Both would have benefited trucks and freight haulers at the expense of Stilwell area residents, he said.
“We were fighting it for 18 months to two years,” Klinkensmith said of the South Metro group. “Some times, it was day after day, going to the different planning commissions and council meetings
“We just want them to leave us alone.”
“Leave us alone” and “no new east-west roads” were a constant refrain at the meeting.
There isn’t any hidden agenda behind the studies, said James Tobaben, engineer for consulting engineer firm Parsons Brinckerhoff.
The Kansas Department of Transportation is trying to coordinate transportation and development rather than react to growth, Tobaben said.
In his presentation, Tom Garend, assistant transportation director for the Mid America Regional Council (MARC), told the audience that there were two different but related studies.
One was a regional transportation study being done by MARC and which is called Transportation Outlook 2040, he said.
That study, which is examining most of the Kansas City Metro area, is required by the federal government and will be finished at the end of this year, Garend said.
The other, done under the auspices of KDOT by Parsons Brinckerhoff, is called the Five County Study. It focuses on Johnson, Wyandotte, Leavenworth, Douglas and Miami counties, all ringing the Kansas side of Kansas City and among the fastest-growing counties in the state, Thomas Dowd, KDOT engineer, said.
The studies are designed to gauge what is needed in terms of transportation over the next 25 to 30 years, and help decide the best way to do that, how much money will be available and what projects should be given priority, Garend said.
Transportation isn’t just heavy trucks and commuters, he said.
“It’s not just about interchanges,” he said. “It’s not just about the condition of concrete.”
Increasingly, traffic planners are taking into account other issues such as climate change, energy use, quality of life and public health when they consider projects, he said.
“This isn‘t something we talked about five years ago, or even three years ago,”Garend said. “They continue to be elevated.”
Public transit also looms larger in traffic planning, he said.That could include rail transit, special bus services or even special “carpool” lanes on the interstate, he said.
It’s cheaper to create and maintain something like the express bus service along K-10 between Lawrence and Kansas than continuing to expand highways, he said.
KDOT is trying to figure out how to deal with changes in traffic patterns and growth caused by certain “high impact developments,” Dowd said.
One of the more recent high-impact developments is the Kansas Speedway, he said.
“I don’t think anybody could really anticipate the amount of development that happened next to the Kansas Speedway,” Dowd said. Several giant retailers and entertainment centers such as Nebraska Furniture Mart and Legends. Also developed were the water park built next to the track, and several large hotel chains are building or planning to locate in the area, he said.
Once it’s built, the proposed Burlington Northern Santa Fe intermodal freight center could result in at least 10,000 trucks a day entering or leaving the site, he said.

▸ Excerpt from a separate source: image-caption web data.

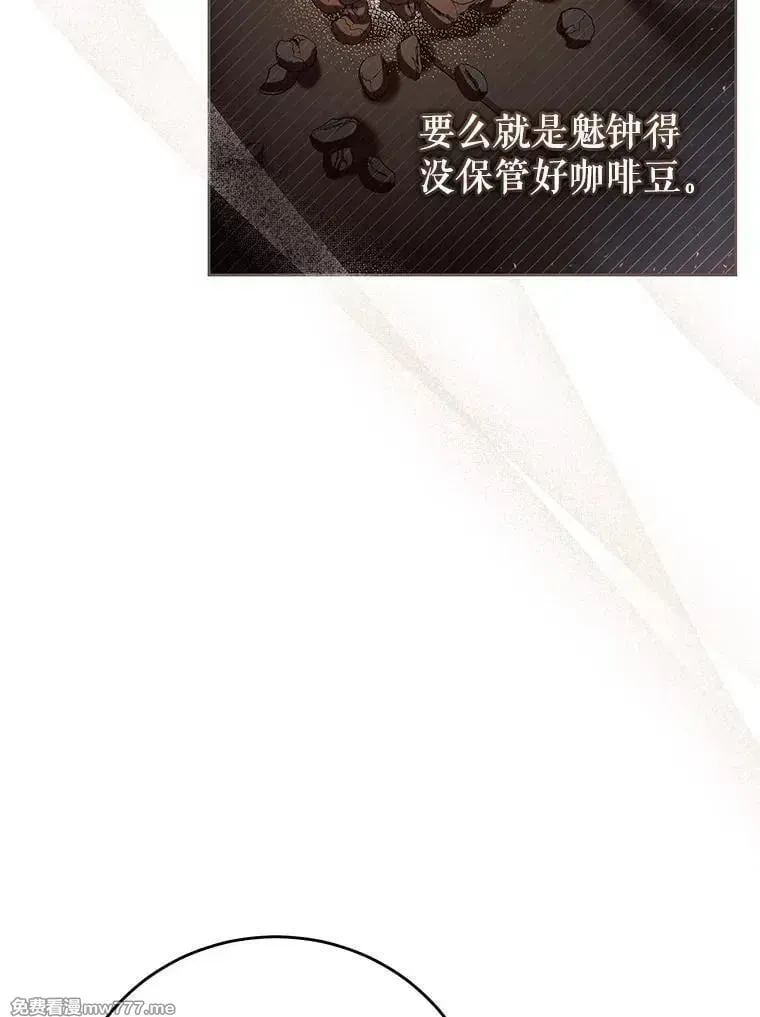 第45话 第64页
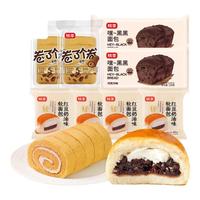 桃李面包组合780g 夹心面包软蛋糕早餐面包糕点零食代餐下午茶 红豆奶油4+黑黑2+卷了个卷原味2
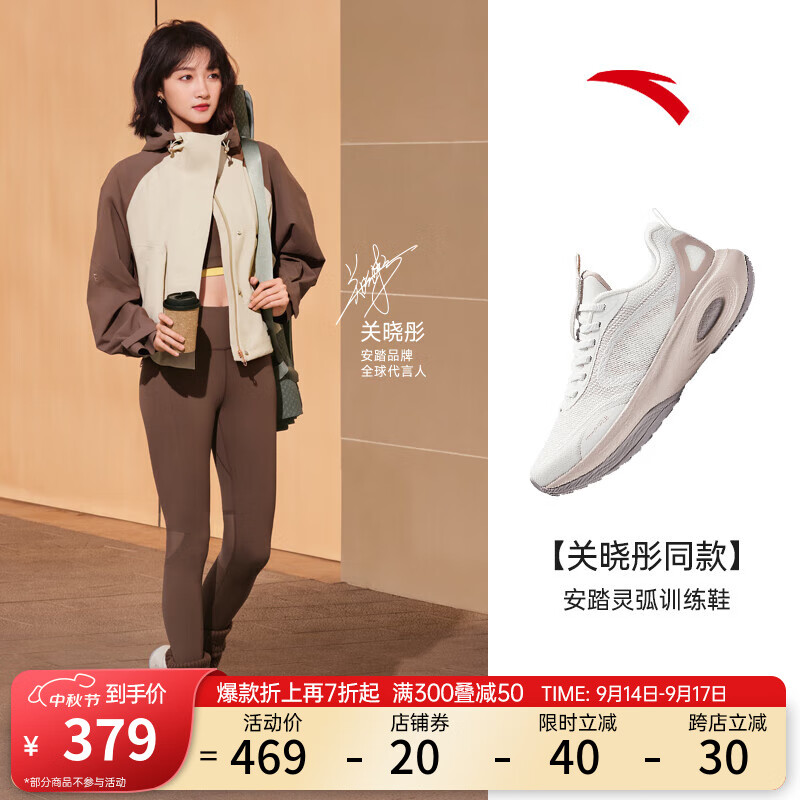 安踏灵弧丨关晓彤同款女鞋训练鞋女缓震健身跑步运动综训鞋122437790
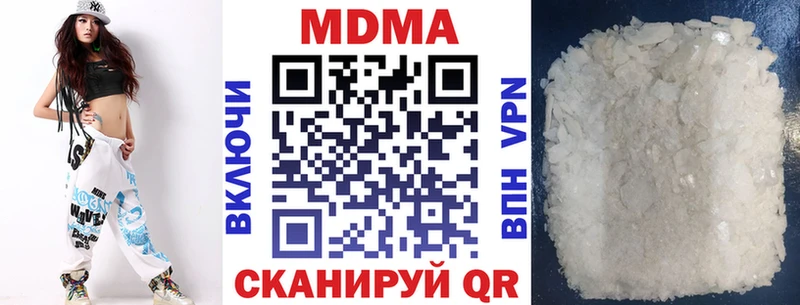 МДМА молли  Купить закладки  Красавино 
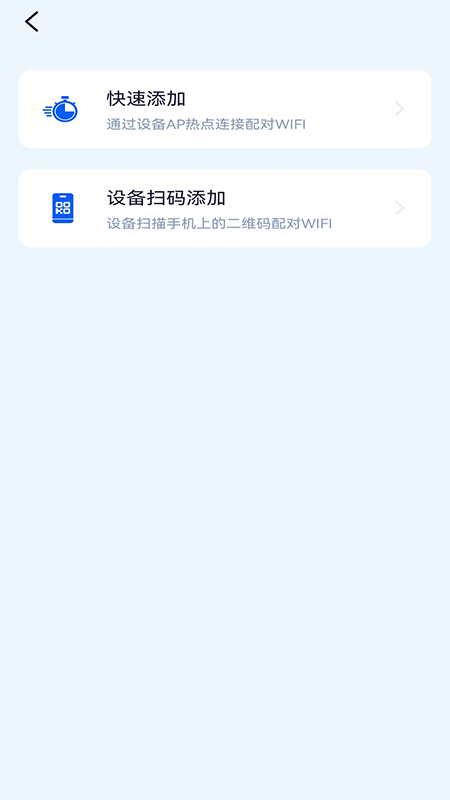 布谷鸟管家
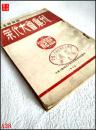 荣代大会汇刊   荣代大会纪念1947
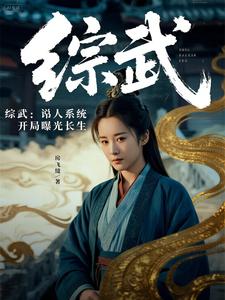 综武：说书人系统，开局曝光长生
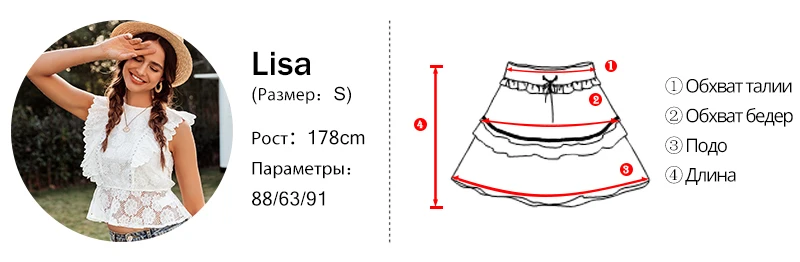 skirts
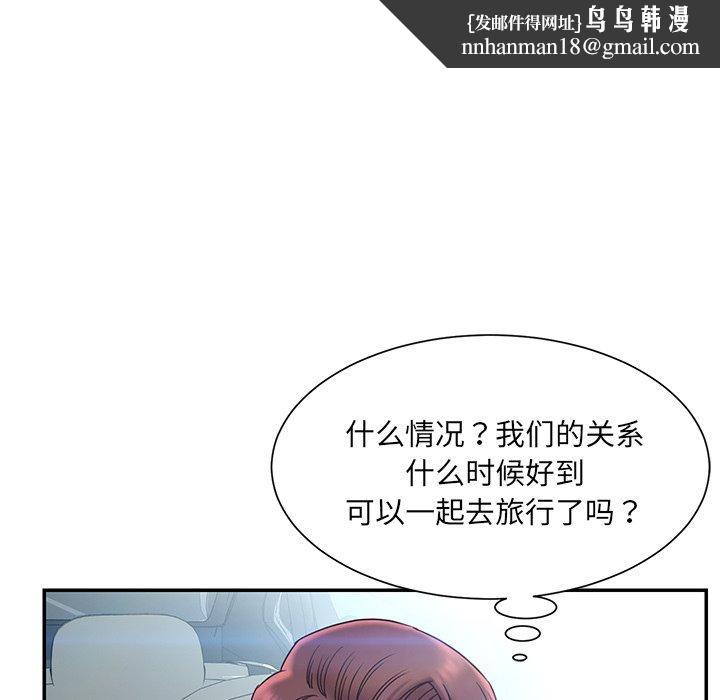 被抛弃的男人第7话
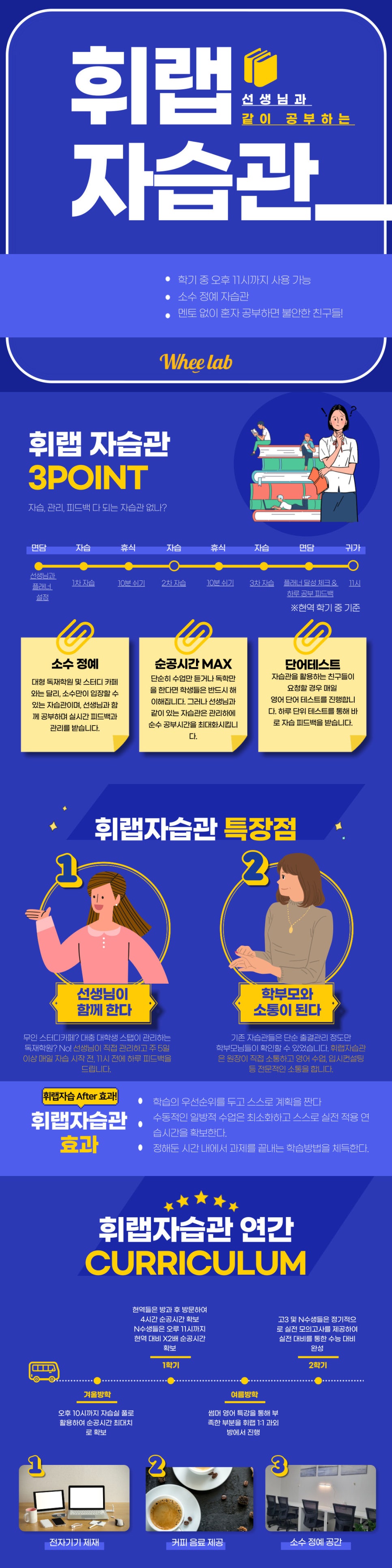 [자습관] 강남/대치 독학 스터디카페형 휘랩 자습관 멤버십 신청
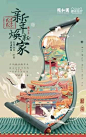 其中包括图片：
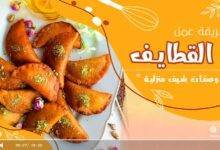 طريقة عمل القطايف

“We find ourselves in a position of having to react to these developments,” Dowd said. "Cheaper and better decisions are made when KDOT gets ahead of such development and manages it to provide more efficient and safer traffic flows, he said.
Many in the audience weren’t impressed.
“You seem to have forgotten people,” said one man who rides public transit buses into Kansas City. Too often transportation proposals are more about the convenience of freight-truck traffic rather than people, he said.
Many recalled the bruising political battles combating the 21st Century Parkway and the South Metro Freeway. The roads -- and their resulting noise, pollution and increased hazards -- would have ruined the quality of life in southern Johnson County, they said.
Members of the audience said they made the choice to travel farther to go to work so they could live in the slower, quieter communities in the southern part of the county.
“I think Johnson County needs to get out of MARC,” Darrell Dugan, Aubrey Township trustee, said. “… We don’t want any part of this. We want you to leave our community alone.”